Quali sono i bisogni dei miei utenti? E del business del cliente? E dei team? Dov’è il valore? Mi pongo molte domande: sono una User Experience Designer.

Ascoltando e osservando gli utenti carpisco i loro bisogni e frustrazioni, immagino come migliorare le loro esperienze e tramite mille sketch, flussi, prototipi e fogli di calcolo propongo una soluzione appositamente per loro. Ma non solo per loro!

In un progetto tutti hanno problemi e speranze, e la soluzione giusta è quella che armoniosamente (e con grande diplomazia) incontri gli obiettivi di tutti: degli utenti, del business, dei team di progettazione, nel rispetto dell’ambiente e degli esseri umani.
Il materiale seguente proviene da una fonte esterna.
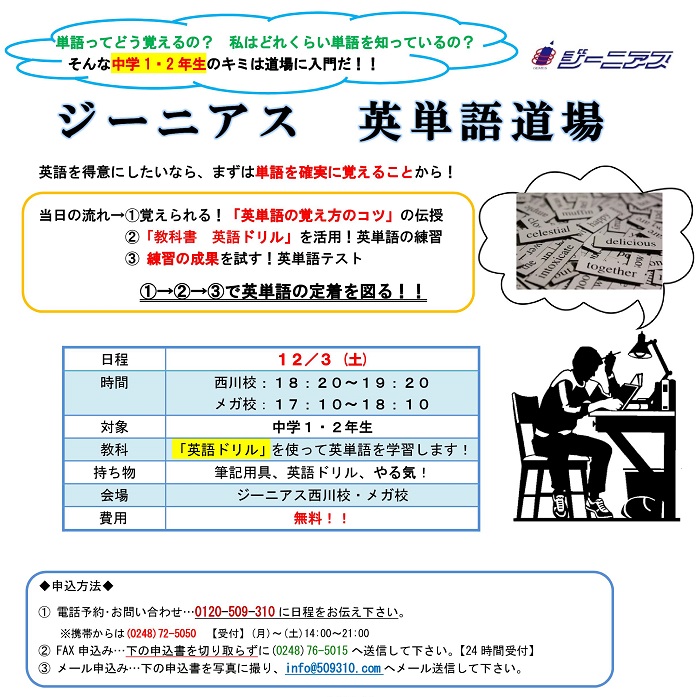 12 3 土 中1 中2 無料 英単語道場 開講 情熱特訓 ジーニアス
Insomma, noi designer abbiamo sempre più bisogno di conoscenze trasversali a tutti gli ambiti sui quali interveniamo con le nostre domande e matite, armati di compassione e diplomazia. Questo è ciò che amo del mio ruolo: trovare la soluzione migliore, per tutti, non smettendo mai di apprendere e di mettere in discussione le proprie scelte per migliorare ancora.

Inizia tutto con i videogiochi e le letture fantasy: “Mi disegni la firma per il forum?”, “Mi disegni la copertina del libro?”.

Mi sono resa conto di avere una grande passione per la grafica digitale quando, con i trentasette gradi delle notti siciliane e un computer fisso — ormai ridotto a una stufa — io ero lì, alle tre di notte, a creare grafiche e guardare tutorial su YouTube.

Il corso di Design della Comunicazione del Politecnico di Milano è stata una scelta facile, per me. Con i miei sogni di grafica ho abbandonato la Sicilia per diventare una professionista — magari nell’ambito dell’advertising?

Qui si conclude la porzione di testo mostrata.